We support reform. As a councillor until relatively recently, I could see the huge need for reform of local government services. However, reform must be achieved through consultation and agreement. Power must be devolved to local councils and communities, not taken away and centralised. Having spoken to councillors in Waterford, Limerick, north Tipperary and south Tipperary, I can honestly say the Minister has failed to win the argument for the so-called reforms that are planned. All that is happening is that boundaries are being moved, reducing the number of elected councillors and, unfortunately, centralising power. This is happening through this Bill but also through other processes such as the establishment of Irish Water. We want to see power being devolved to local level because we believe power and decision making should be vested in local councils and the community. The Bill does the opposite. It allows two Ministers to make far-reaching decisions about agencies, boards and local authorities.
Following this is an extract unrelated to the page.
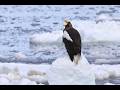 流氷とオオワシが戻って来た！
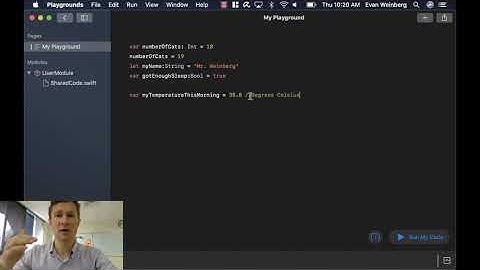 AppDevelopment - Variable Types in Swift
We have put forward amendments in a genuine attempt to reverse some of those tendencies. Having spoken to city and county councillors, I am convinced more than ever of the folly of some of what is contained in the Bill. Interestingly, opposition to the amalgamation of city and county councils in many areas is cross-party. In the case of Limerick, the proposed amalgamation of the city and county councils was originally supposed to make a saving of €20 million, according to Mr. Denis Brosnan, but, as time has moved on, that figure has been reduced to closer to €3 million.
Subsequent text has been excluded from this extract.